By Jerry Carino
POINT PLEASANT – At first, Bob Quaranta thought he was going to have a little water damage in his laundry room. Before long, he realized this was no trickle.
His Point Pleasant neighborhood, just north of the Metedeconk River, was flooding due to Superstorm Sandy. He told his wife Diane: Grab your valuables and let’s go up to the second floor.
“We got stuck there for three days, until the water finally receded from the house,” Bob recalled. “Then we went outside to see the damage and saw a tree on top of our house. Our two cars had been totally submerged. It was horrible.”
That was late October 2012. It took over five years for the Quarantas to rebuild and move back home as they battled recalcitrant insurance companies and the red-tape nightmare of state and federal storm-recovery policies.
“To navigate the storm recovery system is pure hell,” Diane said.

They did it with the help of advocates like the New Jersey Organizing Project, which was founded by Sandy survivors. Two years ago, however, another lightning bolt struck the Quarantas, now in their 70s. This time, it didn’t seep under the laundry room door. It arrived in the mailbox.
“We’re back in the house, we’re fine, we’re on a fixed income — and then we get this letter,” Diane said.
It came from the federal government, and its content nearly knocked her over.
“It said, ‘You owe $80,000,’” she said.
‘We were the guinea pigs’
This is what’s known as a “clawback,” and 12 years after Sandy, it’s a painful reminder for thousands of victims that even now, the disaster isn’t in the rearview mirror.
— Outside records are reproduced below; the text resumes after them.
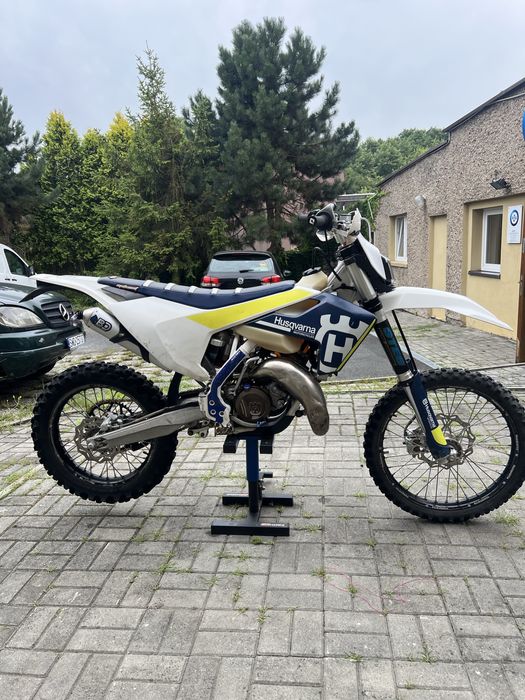 Husqvarna TX 125 enduro 136mth 17’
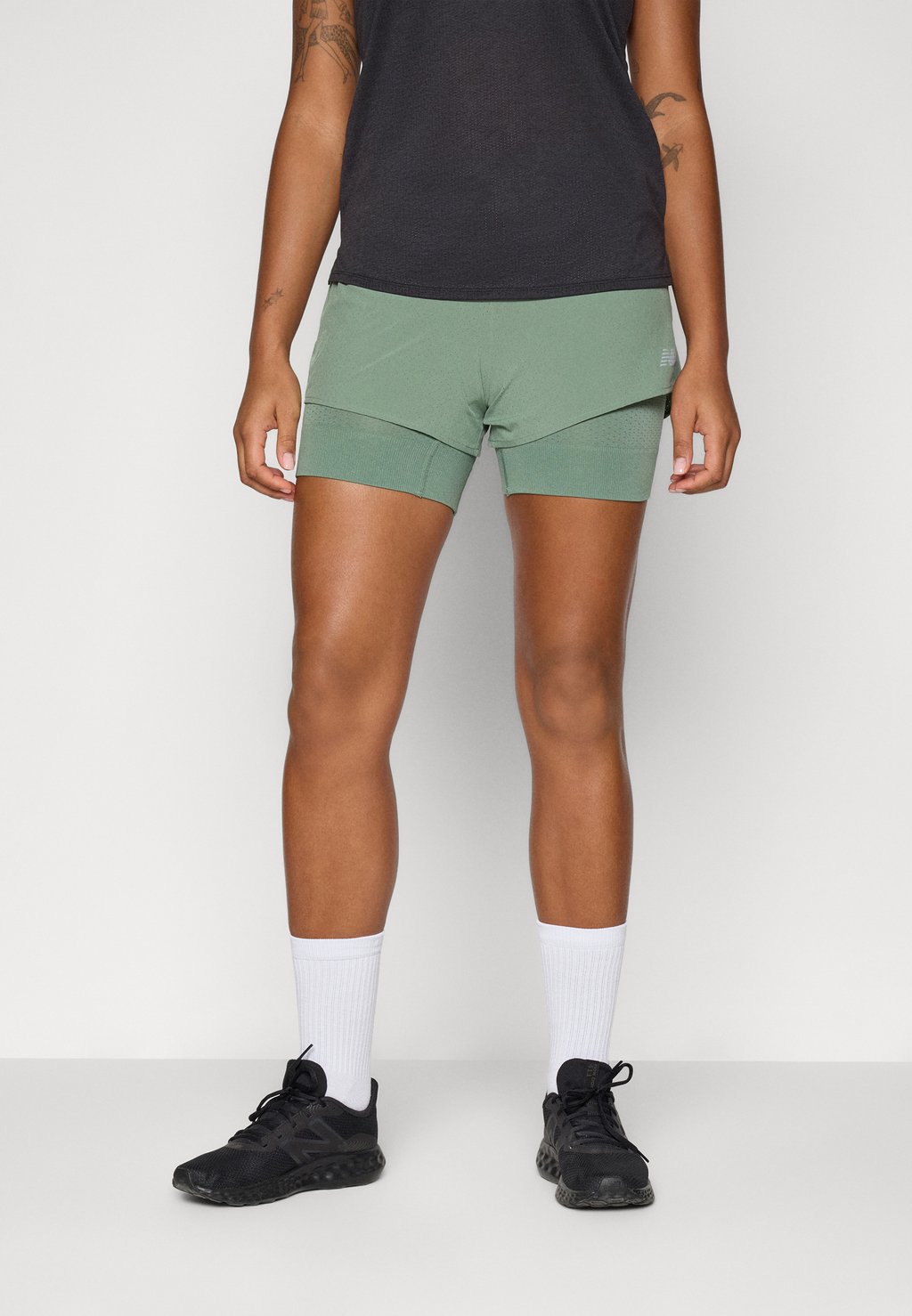 

Шорты 2 в 1 SHORT New Balance, цвет Dark Juniper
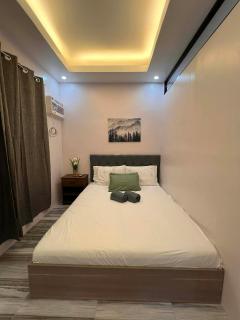 Bears Den Cozy 1BR with balcony facing city and amenity near Mactan Airport - 3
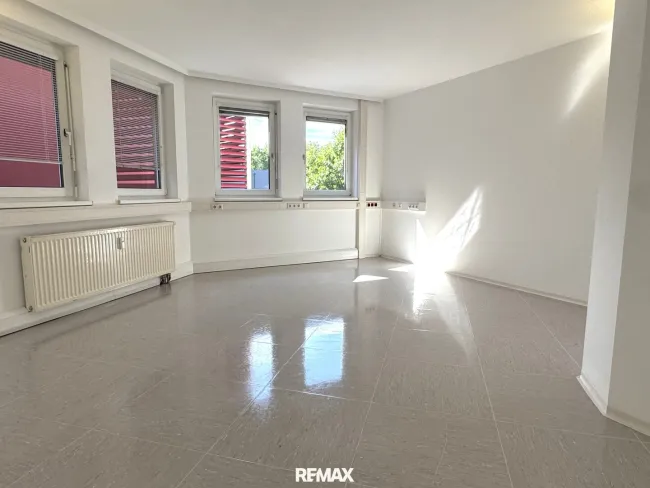 Büro - KI Visualisierung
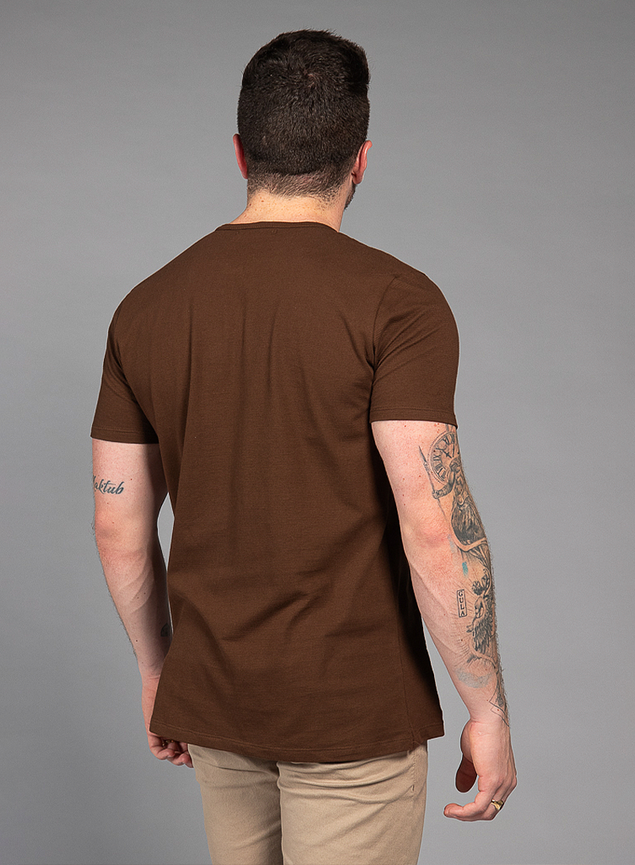 Camiseta Henley Marrom Texturizada Gola Portuguesa | Versátil e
How did this happen? There are four categories of federal aid, and in the wake of Sandy, with nobody in government offering clear guidance on the matter, displaced homeowners understandably took help from wherever they could get it.
“The problem is when you got money from multiple streams, this question of duplication of benefits can come up,” explained Amanda Devecka-Rinear, director of New Jersey Organizing Project, “even if you used every dollar of your flood insurance to pay your rent while you were out of your house to stay alive, and you thought it was your choice what you did with your flood insurance money, which you were supposed to use to rebuild — and you got this other money and you used that to rebuild.”

As of 2023, the federal government was trying to claw back $70 million from 1,700 homeowners — an average of about $40,000 per homeowner.
“Broadly, nobody I know did anything wrong,” Devecka-Rinear said. “They spent money on storage, they spent money on rent and a mortgage, they spent money to get home and had to pull from multiple sources to do it because it took so long. And then they end up with what’s called a duplication of benefits according to the system federally, and then they are asked to pay that money back.”
Members of New Jersey’s congressional delegation — U.S. Reps. Frank Pallone, Bonnie Watson Coleman, Andy Kim and the late Bill Pascrell, all D-N.J. — all pushed to remove the burden, securing a two-year repayment delay, so that homeowners would not have to repay any money until 2025. That deadline is now indefinite.
On Oct. 1, Pallone urged Secretary Adrianne Todman of the Department of Housing and Urban Development to consider a proposal that would cancel repayment requirements for many Sandy victims.
As 2024 winds down, “the state really is working with people in a way we haven’t seen before to get these clawbacks reduced,” Devecka-Rinear said.
She added that new procedures are being enacted to prevent a repeat of this mess for Hurricane Ida victims, who are still knee-deep in the rebuilding phase after the 2021 storm leveled parts of New Jersey.
“We were the guinea pigs,” Diane Quaranta said. “It’s really bad for so many people.”
Strength in numbers
The Quarantas have advice for the next wave of storm victims.
“Affiliate with a group like NJOP,” Diane said. “We were so lost navigating the system as a couple. One voice is not heeded. A group is needed, and these people know how to do things.”
Their home is raised now, and to date, Sandy is the only flood they’ve incurred in 50 years on the property. As for the clawback, they’re leaning on the New Jersey Organizing Project for guidance.
“The system desperately needs to be reformed so it’s logical and works for people,” Devecka-Rinear said.
Some homeowners have succeeded in reducing what they owe. But barring the passage of permanent relief by Congress, it’s a process — the latest in a long line of them.
“I don’t want Sandy to be my lifestyle,” Diane Quaranta said. “The storm comes, the storm goes, the news goes away, but years later, people are still suffering.”